▶ **YOUR OBJECTIVE**
Would you please output only the lines from the one containing "Denim & Flower" through the end of the entries below, exactly as written?

[Start of section]

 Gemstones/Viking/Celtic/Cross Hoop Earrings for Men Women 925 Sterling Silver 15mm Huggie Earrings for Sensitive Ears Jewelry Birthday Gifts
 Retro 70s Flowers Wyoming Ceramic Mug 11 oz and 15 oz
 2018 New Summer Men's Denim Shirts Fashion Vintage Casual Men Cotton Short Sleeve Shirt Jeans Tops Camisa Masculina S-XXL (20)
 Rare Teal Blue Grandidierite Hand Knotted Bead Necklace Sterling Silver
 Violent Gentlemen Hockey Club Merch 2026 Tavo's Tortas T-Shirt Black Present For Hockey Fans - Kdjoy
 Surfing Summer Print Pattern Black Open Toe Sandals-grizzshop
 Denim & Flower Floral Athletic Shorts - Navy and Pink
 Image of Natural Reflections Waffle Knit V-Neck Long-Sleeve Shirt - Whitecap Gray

[End of section]

▶ **SOLUTION FOR THIS EXERCISE**
 Denim & Flower Floral Athletic Shorts - Navy and Pink
 Image of Natural Reflections Waffle Knit V-Neck Long-Sleeve Shirt - Whitecap Gray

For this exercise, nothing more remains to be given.